12/09/2014 - 20:00
A quarta-feira 10 começou agitada na pirâmide que abriga a sede da Fiesp, na avenida Paulista. Cerca de 30 integrantes do Conselho Superior Estratégico da entidade, liderada pelo empresário Benjamin Steinbruch, se reuniram para debater o atual momento econômico e político do País. O noticiário daquela manhã era desfavorável ao setor produtivo. Segundo o IBGE, o emprego na indústria nacional encolhera 3,6% em julho, na comparação com o mesmo período de 2013, a 34ª queda mensal consecutiva. Em São Paulo, o resultado foi ainda pior: redução de 5,1%, a maior de toda a série histórica iniciada em 2001.

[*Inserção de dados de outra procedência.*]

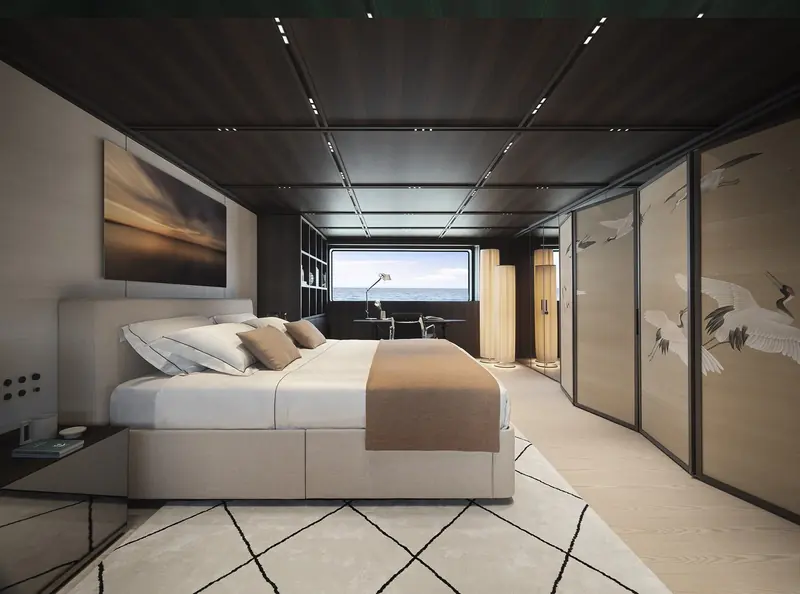 One of five guest cabins, finished in Lissoni's quieter register with a working desk rather than a second sofa.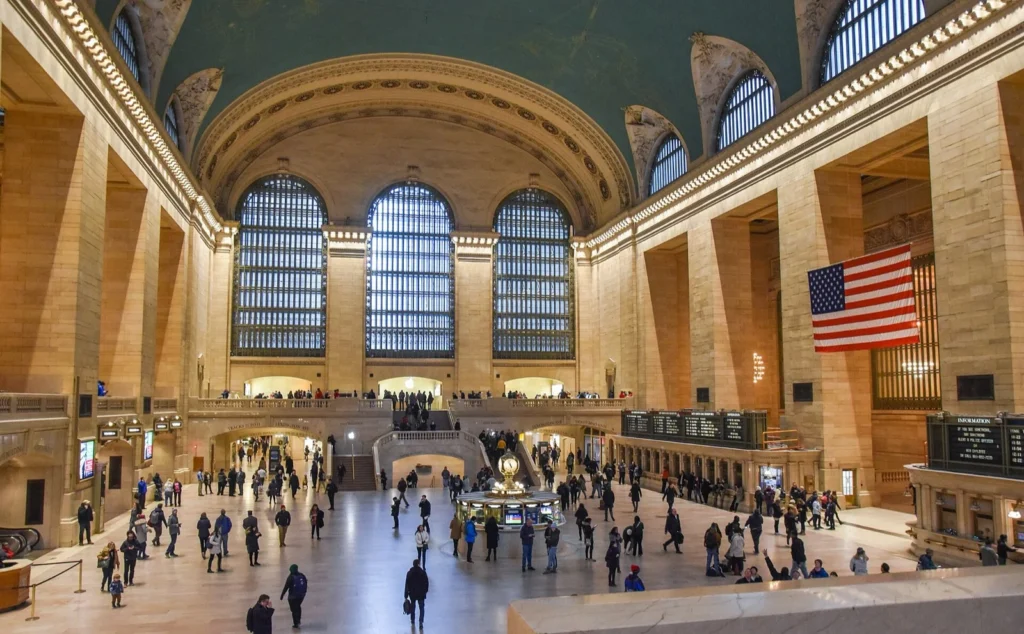 L'atrio principale del Grand Central Terminal visto dall'alto, con le grandi finestre ad arco, la bandiera americana e i passanti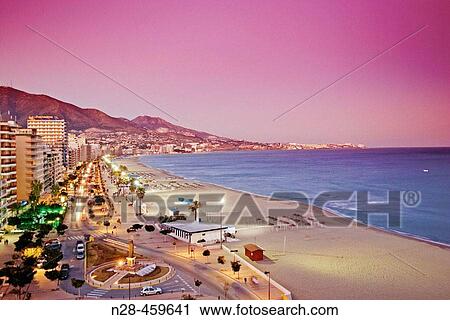 Beach front and promenade in the evening, Fuengirola. MBlaga province, Costa del Sol. Andalusia, Spain View Large Photo Image Stock Image - Beach front and promenade in the evening, Fuengirola. MBlaga province, Costa del Sol. Andalusia, Spain. Fotosearch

Insatisfeitos com a situação do setor, os empresários paulistas tinham mais um motivo para irritação. Três dias antes, o presidente da Vale, Murilo Ferreira, afirmara, em entrevista à Folha de S. Paulo, que a indústria paulista “está pagando uma conta mais alta do que outros lugares do Brasil”, por falta de “tecnologia e inovação” em alguns setores. “Será que o empresariado de São Paulo tem o mesmo entusiasmo do pessoal do Cerrado?”, indagou Ferreira. O presidente da Vale diz ficar preocupado quando vai ao Japão ou à Coreia, por conta do gap tecnológico que separa o Brasil desses dois países.
“Não sei se os empresários não se atualizaram ou não estão motivados, mas essa é a realidade”, afirmou Ferreira, que criticou o Fla-Flu político, que teria São Paulo como palco, protagonizado por PT e PSDB. “A política em São Paulo é muito rancorosa”, disse. Embora a Fiesp não tenha sido citada, seus dirigentes ficaram revoltados e acusaram o golpe. “Não vamos ficar respondendo a um pau-mandado que não entende nada da indústria de transformação nem da indústria de São Paulo”, diz Paulo Francini, diretor da Fiesp. Questionado sobre quem teria mandado Ferreira dar aquelas declarações, Francini respondeu: “Sei lá. Alguém pediu e ele deu”.
Procurada, a assessoria de imprensa da Vale informou que o presidente estava em viagem ao exterior na semana passada e ressaltou que suas afirmações “não têm o objetivo de polemizar nem tirar o mérito dos pleitos da indústria junto ao governo”. Ferreira está no comando da Vale desde 2011, após a demissão de Roger Agnelli, que desagradou ao governo federal por demitir funcionários em meio à crise internacional, no final da década passada. A preocupação dos industriais paulistas não é recente e, sempre que externada, gera mal-estar no governo federal. Há um mês, durante um evento em São Paulo, Steinbruch criticou a política econômica e afirmou que “só louco investe no Brasil”.
O empresário, controlador da CSN, verbalizou o que muitos líderes do setor produtivo pensam, mas evitam dizer em público. “Nunca vi, em ano de eleição, perspectiva de recessão tão forte como temos agora”, afirmou. Na terça-feira 9, o presidente da Fiesp voltou à carga ao escrever um artigo no qual critica o elevado custo do crédito e afirma que “é uma balela a história de que o estímulo ao consumo se esgotou como fórmula de ativar a economia”. Por trás das fortes declarações dos presidentes da Vale e da CSN está um debate sobre a responsabilidade do governo Dilma em relação ao atual quadro de desalento econômico.
Para Steinbruch, a solução é interna e pressupõe “tomar medidas imediatas e corajosas para baixar os juros, desvalorizar o real e injetar competitividade na economia”. Já Ferreira destaca a crise mundial e salienta que “no Brasil não prestamos atenção ao mercado internacional”. Para o presidente da Associação da Indústria Ferroviária (Abifer), Vicente Abate, os problemas internos pesam mais do que os externos. “A política anticíclica foi correta durante a crise, mas é preciso mudar a carga tributária, o câmbio, a burocracia e a infraestrutura.”
Nas últimas três décadas, a participação da indústria de transformação na economia brasileira encolheu de 24,8%, em média, entre 1973 e 1992, para 12,6%, atualmente. Essa perda de espaço, segundo os especialistas, não pode ser explicada apenas por questões conjunturais. “Nos países desenvolvidos, o setor de serviços foi ganhando mercado ao longo dos anos”, diz Milton Luiz de Melo Santos, presidente da agência de fomento Desenvolve SP. “Como São Paulo tem o maior polo industrial, a perda aqui é maior.” Para a Fiesp, no entanto, é um sinal de que o setor produtivo não vem recebendo atenção do governo. “A indústria paulista encerrará o ano com 100 mil trabalhadores a menos”, diz Francini.